You don't know me. I'm okay with that. This is my search for insignificance.
Friday, March 1, 2013
I haven't read much from The Robert D. just yet, but I liked this. In fact, the only part of the American Idol season I even watch anymore is the beginning when tone-deaf people walk in (and out) with all the overconfidence in the world.
How do 100,000 people who can’t carry a tune in a bucket show up to audition for American Idol?
Somebody lied to them. At some point in their lives, somebody told them that theycould sing.
Somebody wanted to make them feel good. Somebody didn’t want to rock the boat. Somebody might have even thought they were helping.
Somebody justified it, thinking it would build self-esteem.
We all have had that somebody in our lives. And most of us have listened to him.
But success is built on a foundation of wisdom and truth. And if we’re going to find it, we have to get good at catching our own delusions.
How do you spot the person around you who has been telling you lies?
Look in the mirror.
For most of us, the greatest liar in our lives is ourselves.
Lazy people say it’s just not their personality type to be ambitious. Fat people say they have no time to work out.
Both are avoiding the hard truth in exchange for superficial self-esteem…and that’s a dangerous exchange.
The truth is that just 15 minutes of exercise a day will help you have more energy and be more productive. The truth is that hard work comes before the feeling of ambition. The question is, in a court of law, is there enough proof that you are working at your craft?
The danger of our lies is that they start to shape our perceived reality.
Like those poor fools you remember Simon Cowell crushing, we live by a story that is pathetically false.

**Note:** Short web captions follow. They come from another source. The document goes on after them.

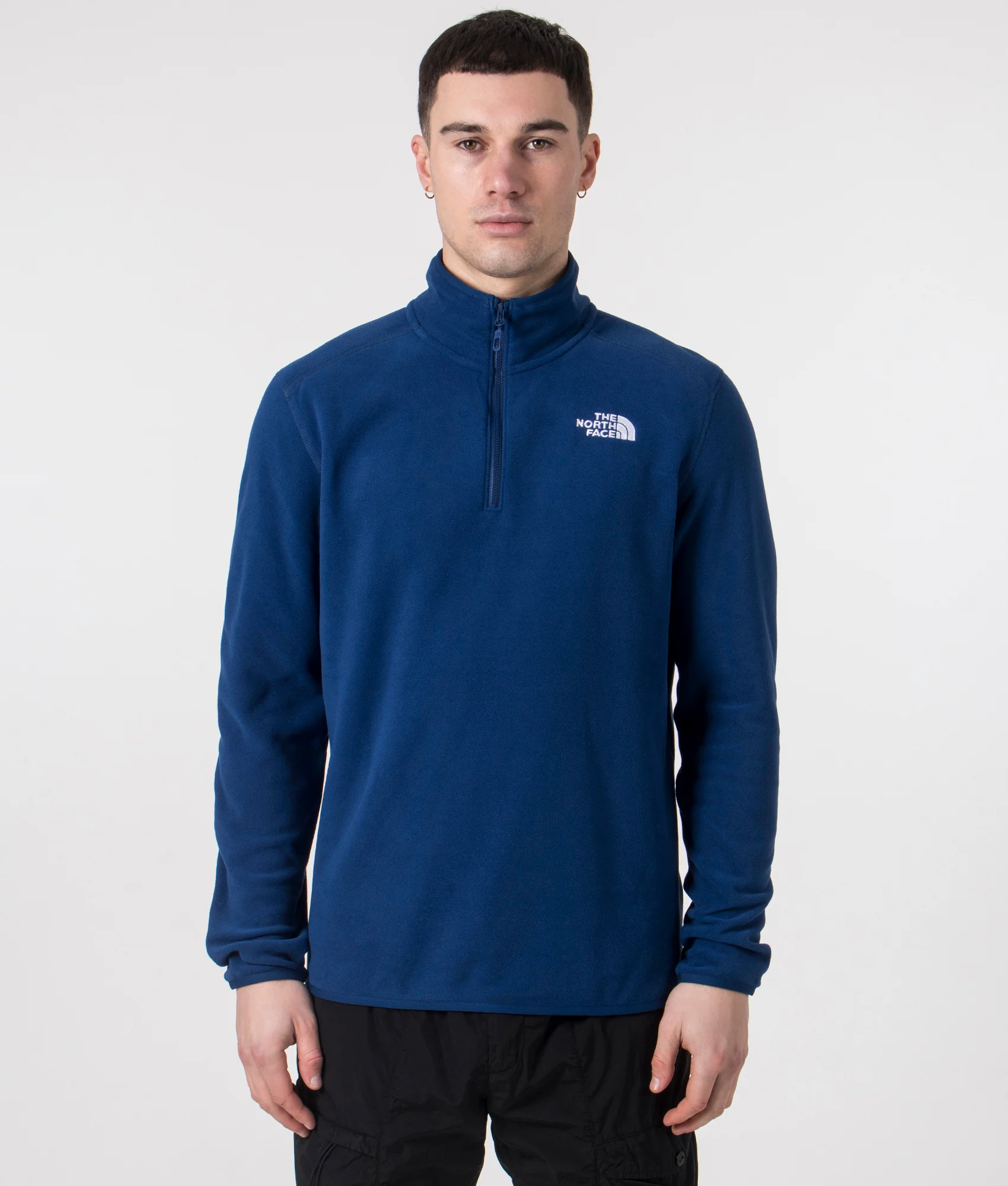 Quarter Zip 100 Glacier Fleece Sweatshirt - Image 2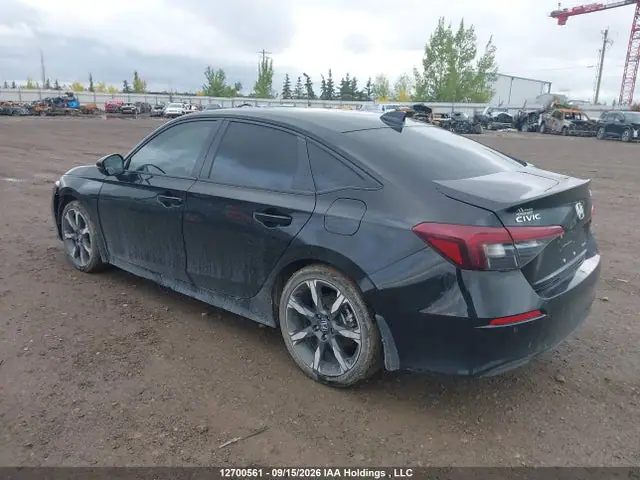 2HGFE4F89SH006606 — 2025 Honda Civic, фото 3 с аукциона IAAI 14.10.2026, Передняя часть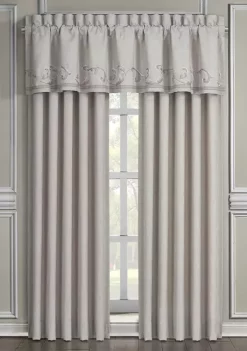 J. Queen New York Angeline Beige Window Straight Valance -J. Queen New York Belk 487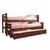 Cama Nido TRIPLE PINO MACIZO - comprar online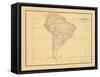 1831, South America-null-Framed Stretched Canvas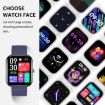 GTS5 2.0" Fitness Smart Watch - BT Call, Heart Rate, BP, MET, Glucose (Blue) - 6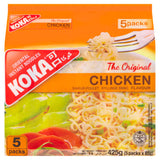 Koka chicken flavour instant noodles 5 x 85g, imported from the UK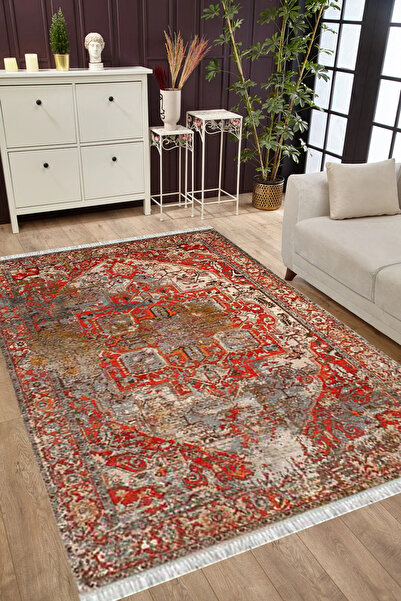 MUBO Kaymaz Tabanlı Yıkanabilir Antibakteriyel Dijital Baskı Otantik Salon Ha...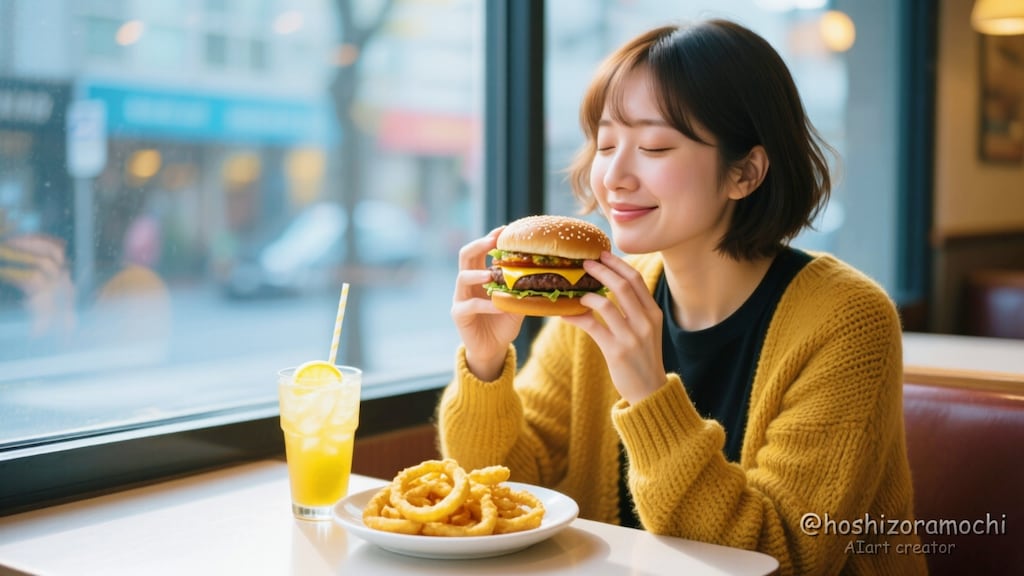 窓辺で頬張る至福の瞬間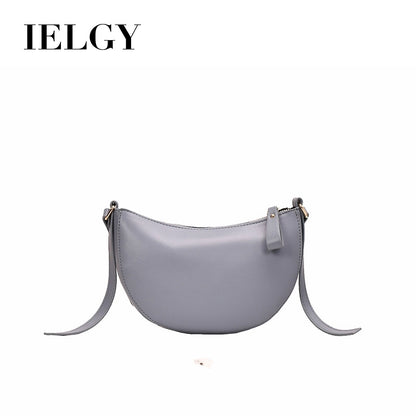 IELGY Simple temperament, leisure, small crowd, fashionable, all-around, one shoulder, half round women's Bag Fashion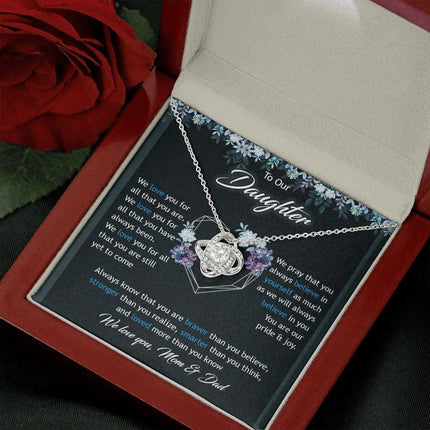 To Our Daughter We Love You Mom & Dad - Necklace SO47T - Charming Present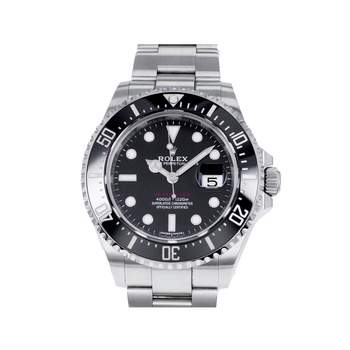 Montre d'occasion ROLEX Sea-Dweller 50th Anniversary homme mouvement automatique certifié (cosc) bracelet acier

Everyone else can see through it. Or, in this case, “hear” through it.
The truth is that you can become nearly anything you devote yourself to. But it takes more work than you would expect and the courage to face the music. Sometimes literally.
Be mindful of the stories you tell yourself. Are you in touch with truth, or are you making excuses?
Three questions you must ask yourself:
What talent or passion do you profess to have?
In a court of law, could you produce evidence of hard work that has gone into that talent or passion?
Have you ever shown that talent or passion to anyone? How did they react?